The Workplace Gender Equality Agency (WGEA) is to receive $8 million to upgrade its system for monitoring gender equality in Australian workplaces by making reporting easier.
Minister for Women, Kelly O’Dwyer said the upgrade would enable the WGEA to sort and analyse the data collected better, allow for the submission of voluntary additional data, streamline the reporting process, and reduce the time and cost to business of reporting to the WGEA.
“While women in the Australian workforce have come a long way, on average they still earn less than men,” Ms O’Dwyer said.
“It is important to continue to improve the data available so we can identify and address sources of gender inequality in the workplace.”
She said the new technology would strengthen the work WGEA did with employers to promote and further improve gender equality in workplaces, “which will in turn help to grow the Australian economy.”
She said the upgraded system would enable public sector employers to voluntarily report on their pay gaps for the first time, potentially increasing the size of the WGEA’s dataset to approximately 75 per cent of Australian employees, from the current 40 per cent.
“Women are now employed full-time in record numbers and the gender pay gap has reduced to a record low of 14.5 per cent,” Ms O’Dwyer said.

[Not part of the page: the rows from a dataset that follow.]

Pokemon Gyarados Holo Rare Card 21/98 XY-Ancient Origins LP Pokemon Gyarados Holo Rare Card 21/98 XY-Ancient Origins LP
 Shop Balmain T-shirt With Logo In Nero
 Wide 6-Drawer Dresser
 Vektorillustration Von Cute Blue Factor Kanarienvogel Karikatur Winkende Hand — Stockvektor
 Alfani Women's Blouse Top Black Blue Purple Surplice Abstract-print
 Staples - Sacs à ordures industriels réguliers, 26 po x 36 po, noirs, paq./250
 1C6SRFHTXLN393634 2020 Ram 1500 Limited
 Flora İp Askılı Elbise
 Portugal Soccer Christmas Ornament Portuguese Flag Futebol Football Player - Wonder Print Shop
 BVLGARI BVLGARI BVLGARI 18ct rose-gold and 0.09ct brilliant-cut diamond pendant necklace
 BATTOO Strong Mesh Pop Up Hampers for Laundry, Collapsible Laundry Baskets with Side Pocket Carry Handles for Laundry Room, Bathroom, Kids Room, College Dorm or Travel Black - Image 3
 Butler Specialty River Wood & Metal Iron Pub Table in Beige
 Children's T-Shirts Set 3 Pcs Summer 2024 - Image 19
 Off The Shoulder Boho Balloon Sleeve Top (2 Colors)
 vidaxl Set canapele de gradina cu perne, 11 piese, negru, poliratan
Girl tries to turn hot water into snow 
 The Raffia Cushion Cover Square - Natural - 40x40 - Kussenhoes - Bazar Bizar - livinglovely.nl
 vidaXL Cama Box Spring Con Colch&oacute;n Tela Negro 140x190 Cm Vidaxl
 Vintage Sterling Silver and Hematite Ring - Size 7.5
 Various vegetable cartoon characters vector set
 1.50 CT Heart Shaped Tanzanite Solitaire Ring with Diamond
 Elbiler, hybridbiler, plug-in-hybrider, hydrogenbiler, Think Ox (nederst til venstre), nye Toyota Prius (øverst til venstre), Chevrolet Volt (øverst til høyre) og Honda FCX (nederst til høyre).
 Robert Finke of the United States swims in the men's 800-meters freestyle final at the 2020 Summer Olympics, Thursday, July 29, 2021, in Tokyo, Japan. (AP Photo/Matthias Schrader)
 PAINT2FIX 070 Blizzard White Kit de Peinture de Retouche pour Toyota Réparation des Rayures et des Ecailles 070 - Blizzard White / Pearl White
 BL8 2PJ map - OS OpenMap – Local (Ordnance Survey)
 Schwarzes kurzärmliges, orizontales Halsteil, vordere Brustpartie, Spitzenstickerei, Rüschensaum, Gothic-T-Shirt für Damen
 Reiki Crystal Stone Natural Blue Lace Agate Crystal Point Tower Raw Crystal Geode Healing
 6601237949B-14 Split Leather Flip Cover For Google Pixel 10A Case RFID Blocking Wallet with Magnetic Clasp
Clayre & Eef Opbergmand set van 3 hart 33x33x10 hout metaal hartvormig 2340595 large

“More than one million jobs have been created since 2013, the majority of which have been taken up by women.”
She accepted however, that women were still less likely to be in the workforce than men, and worked part-time at more than twice the rate of men.
She said WGEA data showed that even when a woman worked full-time she earned $26,000 less per year on average than a man.
“There is more to do in order to improve women’s economic security,” the Minister said.